Eugene Ching (@eugeii)

I’m a hacker, a security researcher, a coder.

And this is a personal space where I talk about code, security, notions of computing, and whatever else comes to mind.

Making sense of monadic functions

Posted by on Dec 3, 2011 in Coding | No Comments

This article is on what is loosely but oft referred to as “monadic functions”. It contains my personal and intuitive way of thinking of monadic functions, and it may not suit you well. However, for who out there who this may help, I hope it makes that little difference for you.

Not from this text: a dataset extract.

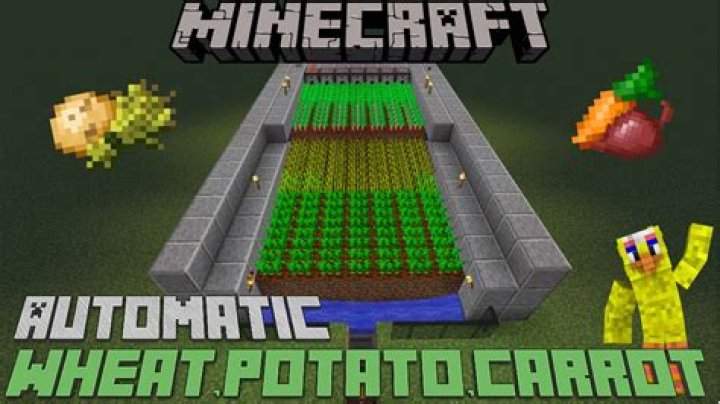How can I make an automatic wheat/potato/carrot/beetroot farm? [closed]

I notice that in most monad tutorials, there is tremendous detail in how monadic composition works, as well as examples on how the >>= bind operator is implemented in various commonly seen monads (Maybe, [], State, etc), but there is very little what exactly are monadic functions. The key idea that can be gleamed is that monadic functions are the stuff that act on monads, through the help of the >>= bind operator (which essentially finds a way to meaningfully “extract” the value that the monad contextualizes), and sometimes the return function as well. Also, we often see that monadic functions, say f and g, can be suitably composed as follows:

f, g :: a -> m b
f >>= g

We also come across examples, usually just before introducing the beautiful do-notation, that look like this:

f, g :: a -> m b
someFunction x = return x >>= (\a ->
                 ... some other code ...)

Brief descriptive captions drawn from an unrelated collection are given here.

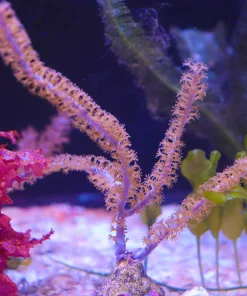 Wysiwyg Large Photosynethic Gorgonian (C143)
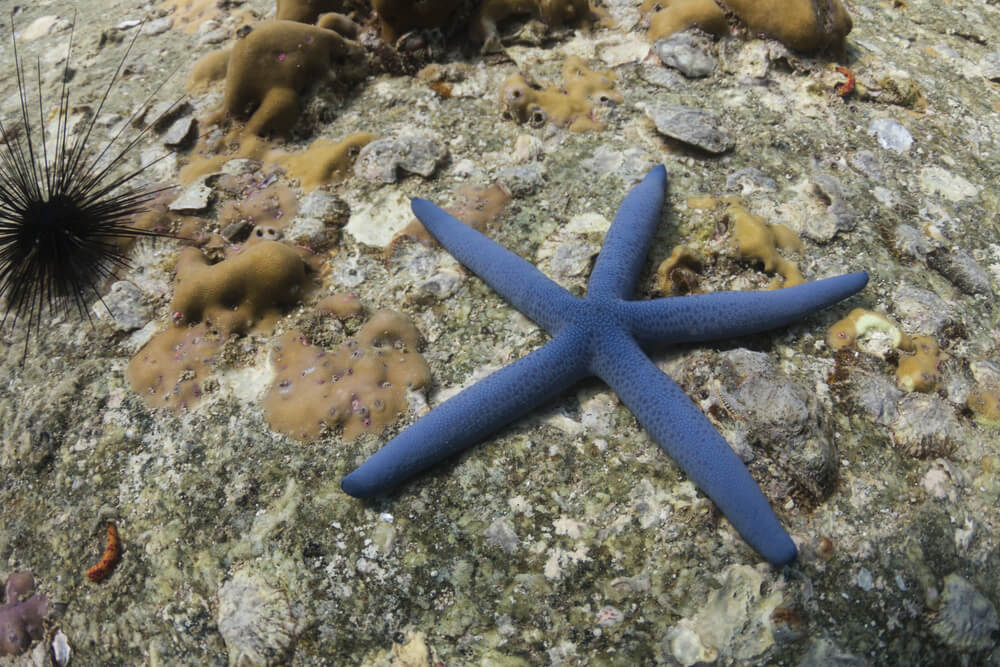 linckia laevigata Blue starfish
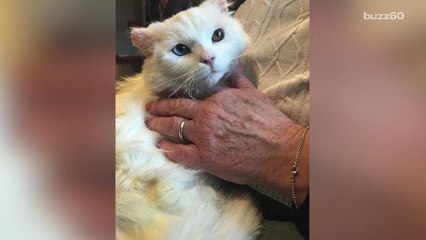Cat recovers from severe burns, gets adopted by human burn survivor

And then, somewhere in our journey, we come across code that looks like this (this example is in the IO monad, but is not peculiar to the IO monad):

someFunction x = do
  a <- getLine
  b <- getLine
  putStrLn (show x ++ a ++ b)

And then we may, perhaps, wonder: getLine is a function, but its type signature is not that of a -> m b, or for the IO monad, a -> IO b. In fact, its signature is:

getLine :: IO String

So how is that a monadic function? And yet our intuition tells us that it’s fine. Firstly, it works. Secondly, it’s producing a monadic value, which gets “assigned” to a. We then mentally translate this to the de-sugared notation:

someFunction x = getLine >>= (\a ->
                   getLine >>= (\b ->
                     putStrLn (show x ++ a ++ b)))

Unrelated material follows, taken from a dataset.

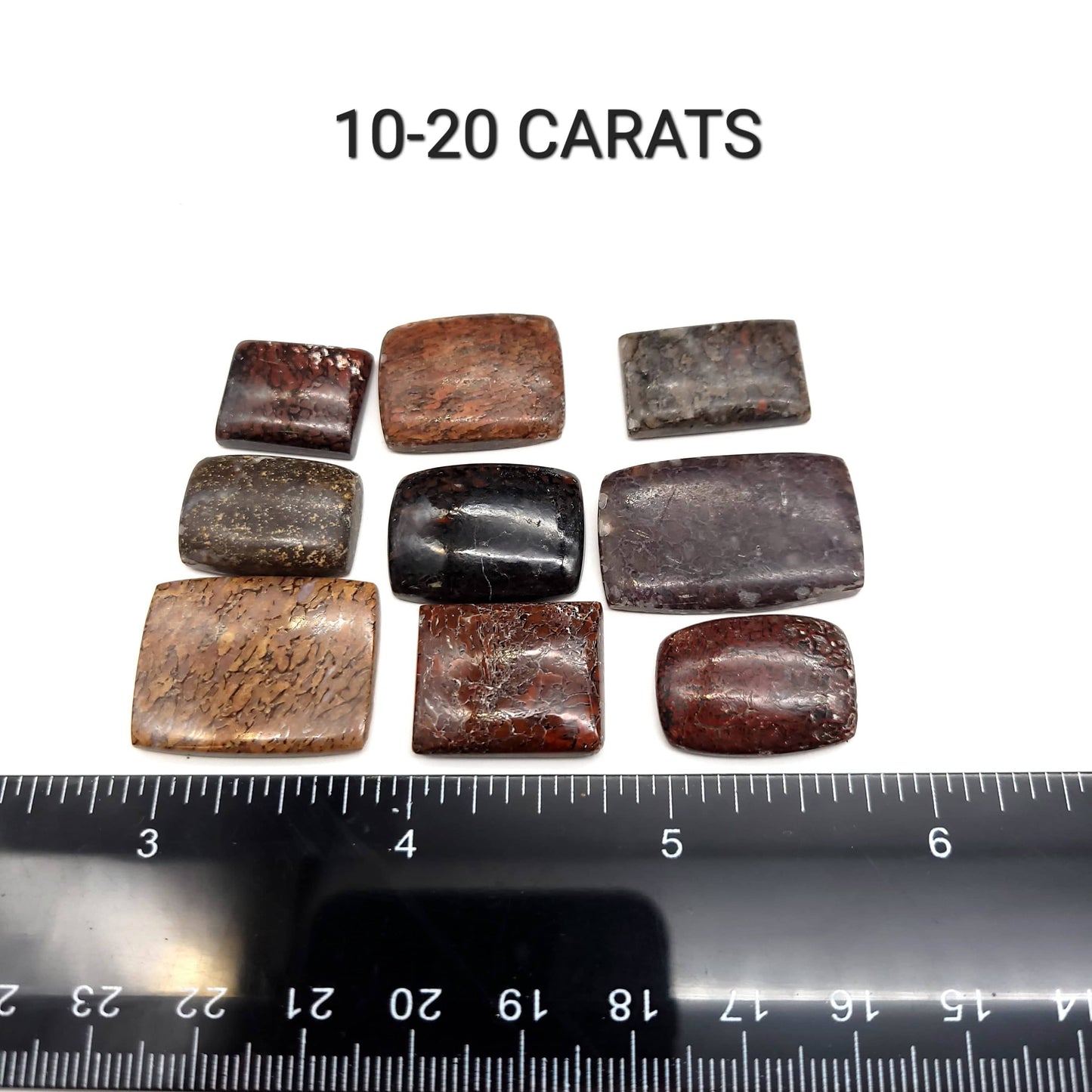 Dinosaur Bone Cabochon - Retangle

And then things become clearer, because the type signature that we’re looking for is embodied in the two anonymous functions. I don’t know about you, but this bothered me for a while. Not from the formal correctness of it all, as it’s obvious that’s not a problem, but the intuitive sense of a “monadic function”.

So let me try to sort of resolve the issue in a structured way in this article. If all this is already crystal clear to you, and you’re thinking “this guy doesn’t get it”, then you may want to not read this, as this contains my personal and intuitive way of thinking of monadic functions, and it may not suit you well. However, for who out there who this may help, I hope it makes that little difference for you.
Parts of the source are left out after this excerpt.